This is an automated email from the ASF dual-hosted git repository.

dtenedor pushed a commit to branch branch-4.1
in repository https://gitbox.apache.org/repos/asf/spark.git


The following commit(s) were added to refs/heads/branch-4.1 by this push:
     new 14489233a35e [SPARK-43986][SQL][FOLLOWUP] Catch 
ArrayIndexOutOfBoundsException in Datasketches HLL functions
14489233a35e is described below

commit 14489233a35ec07ce4e05092aba7e2e3a4922870
Author: Daniel Tenedorio <[email protected]>
AuthorDate: Fri Jan 16 10:20:15 2026 -0800

    [SPARK-43986][SQL][FOLLOWUP] Catch ArrayIndexOutOfBoundsException in 
Datasketches HLL functions
    
    ### What changes were proposed in this pull request?
    
    This PR fixes error handling in `HllUnionAgg` to properly catch 
`ArrayIndexOutOfBoundsException` and convert it to the user-friendly 
`HLL_INVALID_INPUT_SKETCH_BUFFER` error.
    
    When an invalid HLL sketch binary is passed to `HllUnionAgg`, the 
DataSketches library may throw an `ArrayIndexOutOfBoundsException` during 
parsing. For example, if the `curMode` ordinal in the HLL preamble is set to an 
invalid value (e.g., 3 when only 0, 1, 2 are valid), `CurMode.fromOrdinal()` 
throws this exception. Previously, this exception would propagate to the user 
as an unhelpful `ArrayIndexOutOfBoundsException`.
    
    The fix adds `ArrayIndexOutOfBoundsException` to the existing catch block 
that already handles `SketchesArgumentException` and `java.lang.Error`, 
ensuring all invalid sketch buffer errors are converted to the clear 
`HLL_INVALID_INPUT_SKETCH_BUFFER` error message.
    
    ### Why are the changes needed?
    
    Without this fix, users see a confusing `ArrayIndexOutOfBoundsException` 
when passing malformed binary data to HLL union functions. This provides a poor 
user experience as it doesn't indicate what went wrong or how to fix it.

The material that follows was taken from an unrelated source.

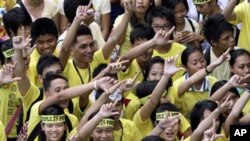 Students flash the 'L' sign for Laban or Fight as they join the march celebrating the 25th anniversary of People Power revolution, February 25, 2011 in suburban Pasig City east of Manila, Philippines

The 
`HLL_INVALID_INPUT_SKETCH_BUFFER` error clearly indicates that the input binary 
is not a valid HLL sketch.
    
    ### Does this PR introduce _any_ user-facing change?
    
    Yes. Users who pass invalid binary data to `hll_union_agg` will now see a 
clear error message (`HLL_INVALID_INPUT_SKETCH_BUFFER`) instead of an 
`ArrayIndexOutOfBoundsException`.
    
    ### How was this patch tested?
    
    Added a new unit test `"HllUnionAgg throws proper error for invalid binary 
input causing ArrayIndexOutOfBounds"` in `DatasketchesHllSketchSuite` that:
    1. Crafts a byte array with a valid HLL preamble structure but an invalid 
`curMode` ordinal (3 instead of 0, 1, or 2)
    2. Verifies that the exception is NOT an `ArrayIndexOutOfBoundsException`
    3. Verifies that the error message contains 
`HLL_INVALID_INPUT_SKETCH_BUFFER`
    
    ### Was this patch authored or co-authored using generative AI tooling?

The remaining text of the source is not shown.